In sedici tra fratelli e sorelle, figli delle quattro mogli del padre, la vita scorreva dura e senza molte prospettive in un paese dove, se non sei figlio di gente che conta, è difficile ritagliarti un posto di riguardo nella società. Il richiamo dell’occidente opulento e pieno di possibilità ha infine avuto la meglio e, quando si è presentata l’occasione di andare via, questo senegalese istruito e comunicativo, l’ha colta al volo.
Al suo paese, oltre a studiare all’università, lavorava come giornalista non retribuito, ed i colleghi del giornale gli hanno regalato una somma di denaro per aiutarlo nei primi tempi. Arrivato in Italia ha cominciato a lavorare come corriere notturno a Milano.
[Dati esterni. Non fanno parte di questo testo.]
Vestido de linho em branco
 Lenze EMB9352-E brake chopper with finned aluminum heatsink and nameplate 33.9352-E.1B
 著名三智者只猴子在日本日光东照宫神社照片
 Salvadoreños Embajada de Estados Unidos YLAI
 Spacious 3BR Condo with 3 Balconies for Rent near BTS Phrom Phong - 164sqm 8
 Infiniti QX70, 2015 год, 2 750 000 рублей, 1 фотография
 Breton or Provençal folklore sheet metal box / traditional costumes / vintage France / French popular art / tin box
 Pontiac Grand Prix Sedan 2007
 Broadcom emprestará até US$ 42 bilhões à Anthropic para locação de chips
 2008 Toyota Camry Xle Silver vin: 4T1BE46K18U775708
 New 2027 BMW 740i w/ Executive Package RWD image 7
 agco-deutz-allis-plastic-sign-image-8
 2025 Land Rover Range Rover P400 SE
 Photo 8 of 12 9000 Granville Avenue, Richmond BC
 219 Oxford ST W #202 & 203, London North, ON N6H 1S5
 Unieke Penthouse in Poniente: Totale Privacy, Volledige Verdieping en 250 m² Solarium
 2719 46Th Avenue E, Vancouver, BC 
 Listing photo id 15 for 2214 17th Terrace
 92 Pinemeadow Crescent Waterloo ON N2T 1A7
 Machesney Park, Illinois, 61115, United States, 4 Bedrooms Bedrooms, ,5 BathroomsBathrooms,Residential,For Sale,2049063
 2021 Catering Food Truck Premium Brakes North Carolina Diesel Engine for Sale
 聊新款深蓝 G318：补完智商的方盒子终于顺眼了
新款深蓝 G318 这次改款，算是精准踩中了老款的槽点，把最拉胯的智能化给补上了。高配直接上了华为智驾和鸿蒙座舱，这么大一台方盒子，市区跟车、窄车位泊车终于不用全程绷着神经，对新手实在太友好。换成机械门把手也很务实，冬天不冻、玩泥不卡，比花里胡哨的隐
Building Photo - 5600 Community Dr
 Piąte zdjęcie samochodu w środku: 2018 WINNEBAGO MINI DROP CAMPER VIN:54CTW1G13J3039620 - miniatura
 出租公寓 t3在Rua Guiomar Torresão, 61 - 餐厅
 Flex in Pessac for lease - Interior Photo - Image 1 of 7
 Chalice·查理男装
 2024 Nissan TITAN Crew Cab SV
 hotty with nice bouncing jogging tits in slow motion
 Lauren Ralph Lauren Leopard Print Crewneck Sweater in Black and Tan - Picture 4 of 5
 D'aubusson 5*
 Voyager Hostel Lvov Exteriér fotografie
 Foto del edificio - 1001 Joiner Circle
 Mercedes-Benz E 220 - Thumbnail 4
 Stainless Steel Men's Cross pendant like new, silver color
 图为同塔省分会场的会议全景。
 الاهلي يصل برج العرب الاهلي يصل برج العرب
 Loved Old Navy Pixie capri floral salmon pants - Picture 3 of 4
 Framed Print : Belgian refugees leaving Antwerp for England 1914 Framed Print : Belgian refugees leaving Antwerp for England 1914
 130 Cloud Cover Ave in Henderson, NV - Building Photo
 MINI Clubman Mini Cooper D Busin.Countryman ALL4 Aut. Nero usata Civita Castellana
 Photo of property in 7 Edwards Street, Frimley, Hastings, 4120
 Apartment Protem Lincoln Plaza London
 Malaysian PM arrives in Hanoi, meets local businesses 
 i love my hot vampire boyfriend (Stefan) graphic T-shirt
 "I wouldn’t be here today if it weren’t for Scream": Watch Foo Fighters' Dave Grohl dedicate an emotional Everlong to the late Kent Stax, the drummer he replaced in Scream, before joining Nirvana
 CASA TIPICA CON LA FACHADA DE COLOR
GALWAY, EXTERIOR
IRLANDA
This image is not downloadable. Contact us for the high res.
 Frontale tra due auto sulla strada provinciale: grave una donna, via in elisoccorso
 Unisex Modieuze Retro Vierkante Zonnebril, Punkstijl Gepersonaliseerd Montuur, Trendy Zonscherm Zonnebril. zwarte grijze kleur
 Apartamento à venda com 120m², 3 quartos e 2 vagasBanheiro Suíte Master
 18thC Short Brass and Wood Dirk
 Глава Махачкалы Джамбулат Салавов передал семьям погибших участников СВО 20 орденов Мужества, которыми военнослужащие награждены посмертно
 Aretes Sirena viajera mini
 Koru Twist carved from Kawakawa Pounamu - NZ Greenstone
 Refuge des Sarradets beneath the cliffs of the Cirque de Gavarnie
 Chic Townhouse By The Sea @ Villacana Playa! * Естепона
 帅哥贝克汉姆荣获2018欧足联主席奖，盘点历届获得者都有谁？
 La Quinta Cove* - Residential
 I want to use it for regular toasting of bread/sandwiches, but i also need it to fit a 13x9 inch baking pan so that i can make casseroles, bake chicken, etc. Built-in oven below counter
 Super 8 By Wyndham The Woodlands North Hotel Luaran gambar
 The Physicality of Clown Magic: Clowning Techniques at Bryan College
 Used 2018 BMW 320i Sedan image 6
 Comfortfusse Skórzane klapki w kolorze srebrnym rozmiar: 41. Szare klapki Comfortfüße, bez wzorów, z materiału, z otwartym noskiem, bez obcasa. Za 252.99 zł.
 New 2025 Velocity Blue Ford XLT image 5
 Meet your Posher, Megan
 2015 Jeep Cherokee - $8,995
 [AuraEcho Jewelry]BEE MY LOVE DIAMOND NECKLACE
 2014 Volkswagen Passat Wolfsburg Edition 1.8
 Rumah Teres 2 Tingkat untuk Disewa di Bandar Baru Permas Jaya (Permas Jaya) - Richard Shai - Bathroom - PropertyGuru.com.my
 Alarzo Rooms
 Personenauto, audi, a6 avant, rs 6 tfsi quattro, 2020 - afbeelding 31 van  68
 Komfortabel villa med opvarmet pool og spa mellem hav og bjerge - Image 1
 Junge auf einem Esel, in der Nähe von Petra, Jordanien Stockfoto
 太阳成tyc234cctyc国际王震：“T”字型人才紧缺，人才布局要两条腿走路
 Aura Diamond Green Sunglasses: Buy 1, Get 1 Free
Al lavoro è diventato amico di un palermitano che gli decantava, con un’eloquenza tutta siciliana, le bellezze di Palermo, le sue spiagge, il cibo, la gente. Dopo aver perso il lavoro nel 2009, e dopo una breve vacanza a Dakar, è ritornato in Italia e stavolta la sua destinazione è stata Palermo. Ora risiede nel capoluogo siciliano, fa il venditore ambulante di libri e gira un po’ per le principali città della Sicilia, ogni tanto va a Milano a rifornirsi e d’estate vende libri sulle spiagge di Pescara.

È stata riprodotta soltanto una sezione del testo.